A DFT é atualmente a metodologia mais utilizada para estudo de estrutura eletrônica de materiais. Porém, como é bem sabido na literatura, a DFT subestima o gap de energia em semicondutores. O valor subestimado varia, dependendo do material, podendo este chegar a 30% do valor experimental, como é o caso, por exemplo, do óxido de zinco. “Errava-se muito”, ela sublinha.
Alguns métodos foram desenvolvidos a fim superar esse problema. Entre eles, destaca-se como exemplos mais significativos, os métodos GW, qual vai além da DFT e que, em vez de elétrons, resolve um problema de "quasi-eletrons", o LDA+U e funcionais híbridos. As desvantagens destes métodos estão no fato de eles serem complexos e dispendiosos computacionalmente, ou então simples, mas não livres de parâmetros.
Para os métodos mais confiáveis, que são muito custosos computacionalmente, o cálculo eletrônico fica restrito a sistemas de baixa complexidade como compostos simples bulk ou sistemas com um baixo número de átomos por célula primitiva, o que inviabiliza a obtenção de estruturas eletrônicas mais precisas em sistemas mais complexos como ligas, interfaces e nanoestruturas, por exemplo.
O grupo do ITA, formado pelos professores Lara K. Teles, Marcelo Marques e Ronaldo R. Pelá, buscou, então, desenvolver um método efetivo, confiável e livre de parâmetros ajustáveis. Em parceria com o Prof. Dr.
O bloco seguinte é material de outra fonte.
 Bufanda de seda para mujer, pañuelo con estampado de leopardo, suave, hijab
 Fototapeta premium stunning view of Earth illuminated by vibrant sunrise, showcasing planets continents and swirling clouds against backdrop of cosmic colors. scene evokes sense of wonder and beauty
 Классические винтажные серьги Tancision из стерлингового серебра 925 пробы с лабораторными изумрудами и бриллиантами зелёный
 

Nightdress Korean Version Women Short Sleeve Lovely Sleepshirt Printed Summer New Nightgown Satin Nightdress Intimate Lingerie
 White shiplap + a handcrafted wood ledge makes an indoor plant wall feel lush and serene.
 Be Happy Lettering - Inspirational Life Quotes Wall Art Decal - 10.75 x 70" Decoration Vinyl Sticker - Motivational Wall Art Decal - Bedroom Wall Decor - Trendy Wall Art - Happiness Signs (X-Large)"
Luiz Guimarães Ferreira, engenheiro eletrônico formado pelo ITA (1959) e atualmente professor aposentado do Instituto de Física da Universidade de São Paulo (USP) e da Universidade Estadual de Campinas (Unicamp), os pesquisadores do ITA partiram de uma ideia “simples”, muito utilizada na década de 1970: o método de transição de Slater, criado pelo físico norte-americano John C. Slater, que propunha a remoção de ½ elétron para calcular o potencial de ionização de átomos. “Ferreira conhecia bem esse método, mas o problema era: como fazer para utilizá-lo também em sólidos? A ideia veio dele, eu e o Prof. Marcelo ajudamos na implementação”, conta Lara K. Teles.
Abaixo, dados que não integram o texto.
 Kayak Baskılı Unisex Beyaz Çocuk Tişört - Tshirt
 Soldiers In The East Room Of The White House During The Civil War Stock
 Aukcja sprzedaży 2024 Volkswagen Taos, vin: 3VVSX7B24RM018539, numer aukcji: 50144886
O grupo solucionou o problema utilizando um programa atômico para obter a diferença entre o potencial do átomo com todos os elétrons e o potencial de um íon do qual se extraiu meio elétron e, com isso, obteve o potencial de auto-energia, incluindo esse potencial de forma perturbativa na DFT, para desenvolver o método denominado LDA-1/2. “Conseguimos obter valores surpreendentemente bons para uma gama de semicondutores e isolantes, com a mesma precisão do GW, estado da arte neste tipo de cálculo, mas com a vantagem de levar segundos ou minutos para fazer o cálculo e sem parâmetro ajustável!”.
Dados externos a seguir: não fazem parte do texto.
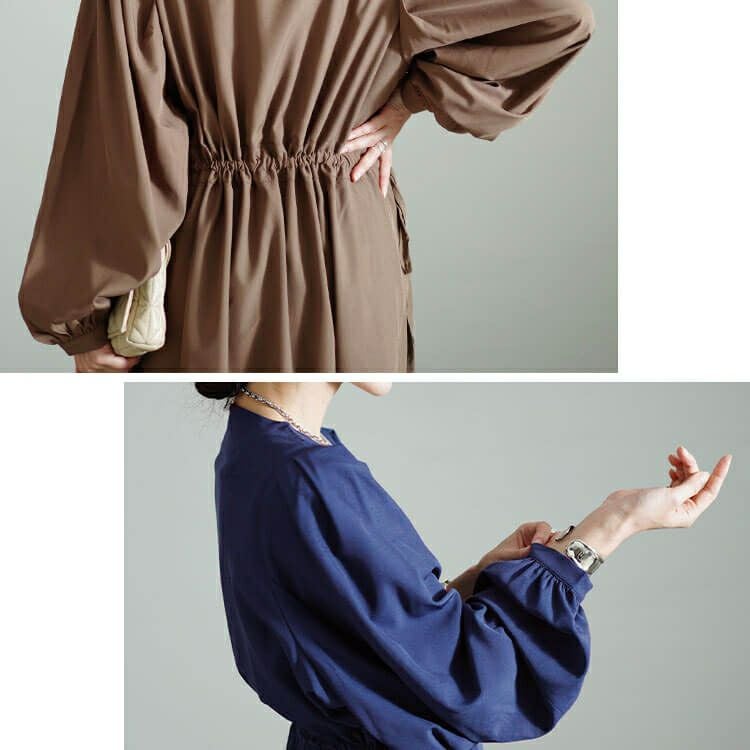 大きいサイズ レディース タックスリーブダブルボタンワンピース　nw-24039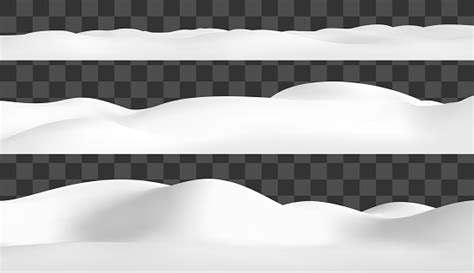 Realistic Snow Hills Landscape Vector Snowdrift Illustration Winter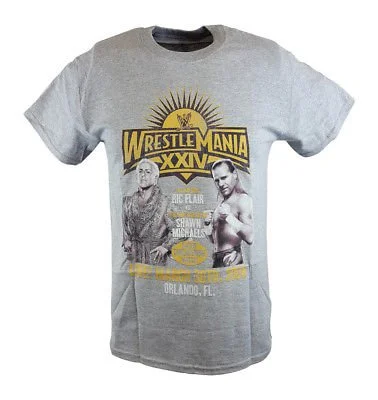 Custom T-Shirts with Movie Quotes-Wrestlemania 24 XXIV Ric Flair vs Shawn Michaels WWE Mens Grey T-shirt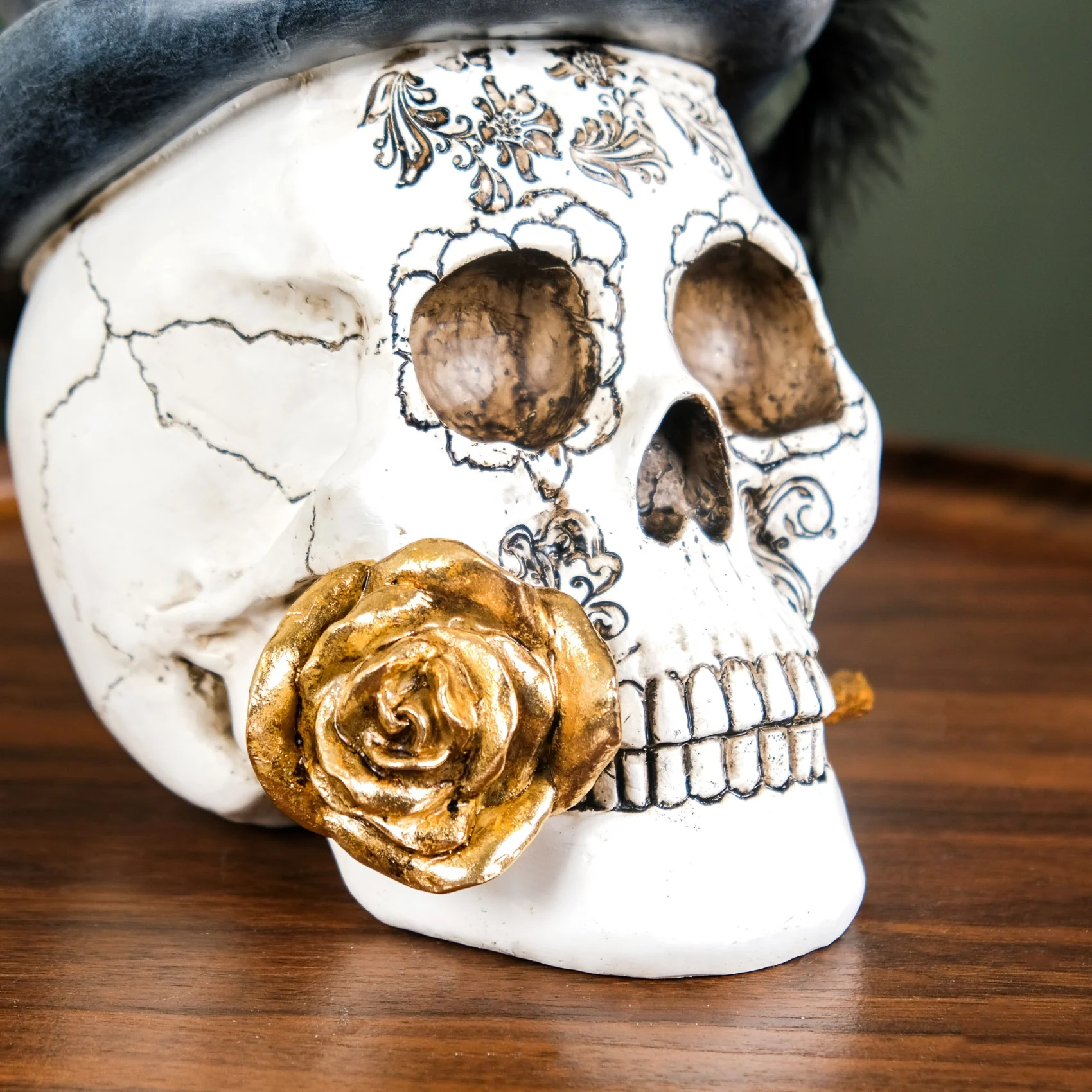 Sugar Skull With Hat Decor Showpiece For Home - Image 7
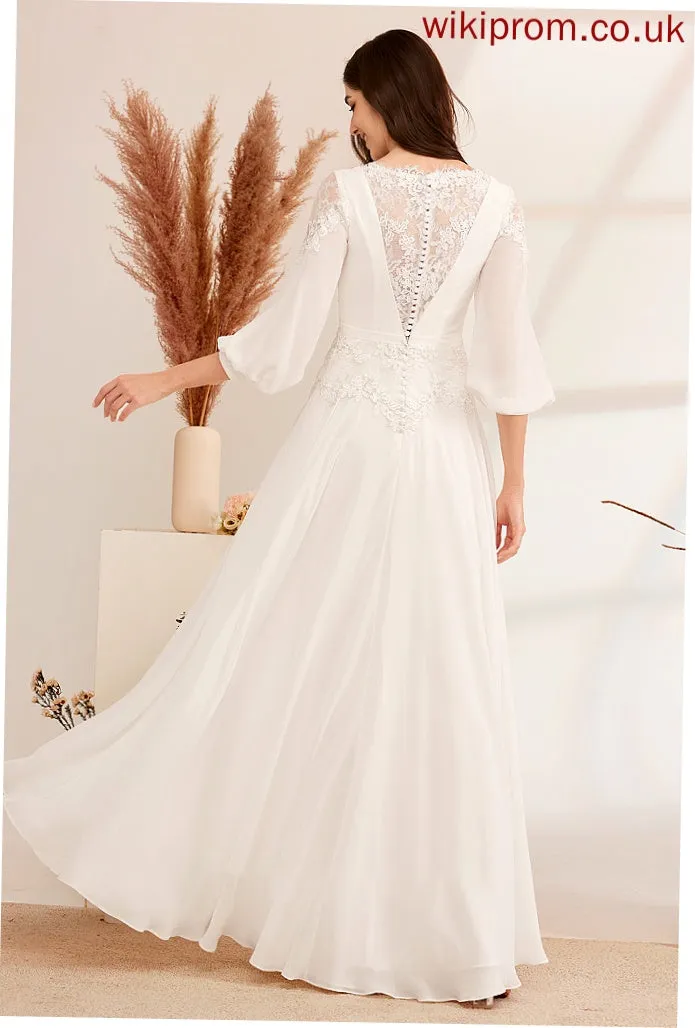 With Wedding Dresses Dress Lace V-neck Elise A-Line Floor-Length Wedding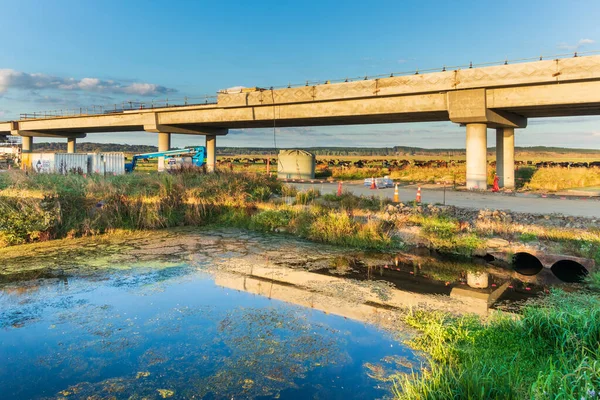 Foxton Horowhenua New Zealand 2019 New Treatle Bridge Halfway Completed — Stock Photo, Image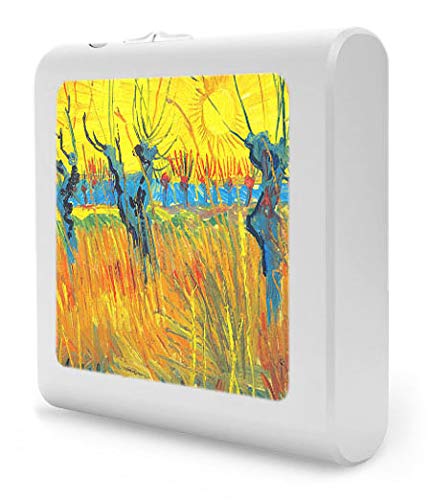 Dimmable LED Night Light with Auto On/Off Sensor, Adjustable Brightness & Warm White Light - Perfect for Bathroom, Hallway, Nursery & Bedroom - Van Gogh Pollard Willow Sunset Inspired Design - Ideal for Nighttime Safety, Baby Care & Home Decor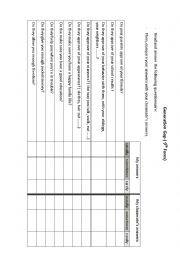 English Worksheet: Questionnaire about the generation gap
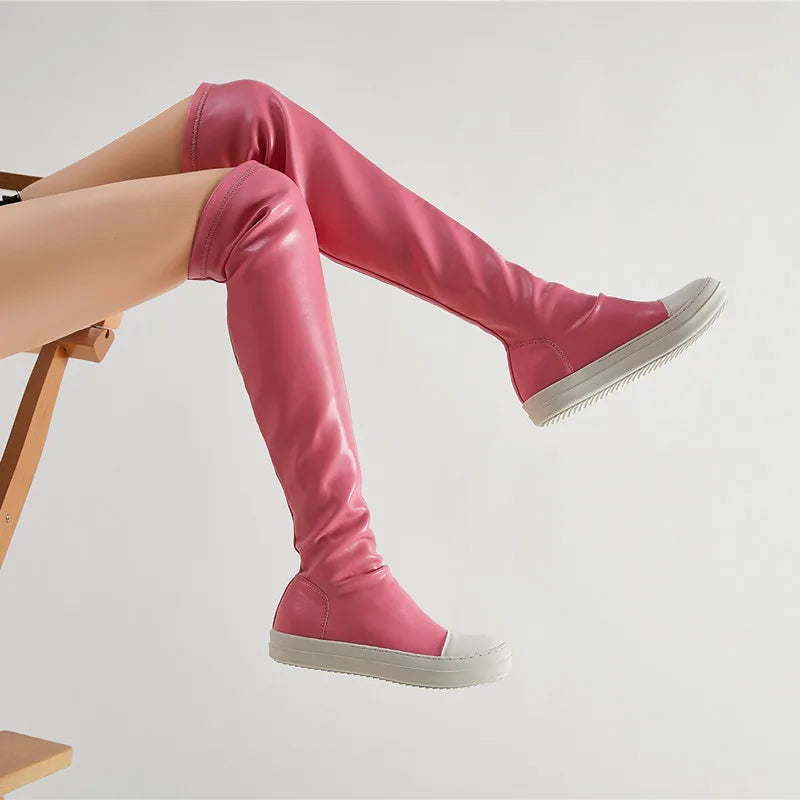 New Arrivals High Quality Women's Boots Flat Pu Leather Red Thigh High Other Trendy Shoes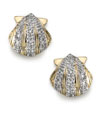 14K Yellow Gold Diamond Shell Earrings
O método LDA-1/2 foi publicado em 2008, na Physical Review B. “Inicialmente, a comunidade científica ficou refratária à nossa proposta”. Em 2011, com o auxílio da Fundação de Amparo à Pesquisa do Estado de São Paulo (FAPESP), o GMSN recebeu o pesquisador Jürgen Furthmüller da Universidade de Jena, na Alemanha, que começou a usar o método deste então. Neste mesmo ano, a Profa. Lara foi convidada para dar uma palestra sobre o método num Encontro na Argentina e, mais recentemente, em 2013, no Brazilian Workshop on Physics of Semiconductors no Brasil. “Atualmente, diversos grupos têm utilizado o nosso método para simular e obter propriedades de materiais”, acrescenta Lara.
Mais recentemente o líder do grupo de Jena, Prof. Friedhelm Bechstedt, que havia utilizado do LDA - ½ com sucesso no estudo de diversos sistemas, firmou uma parceria com o ITA para pesquisas em sistemas bidimensionais similares ao grafeno, com o apoio da Coordenação de Aperfeiçoamento de Pessoal de Nível Superior (Capes).
O GMSN pretende com essa colaboração trabalhar em outros desafios como, por exemplo, o de utilizar o método desenvolvido em nanoestruturas. “Também estamos trabalhando na correlação entre o LDA-1/2 e os demais métodos, isso ajudará a entendermos melhor a física que está por trás destes cálculos. Este trabalho deverá ser desenvolvido também em parceria com grupo alemão de pesquisa”.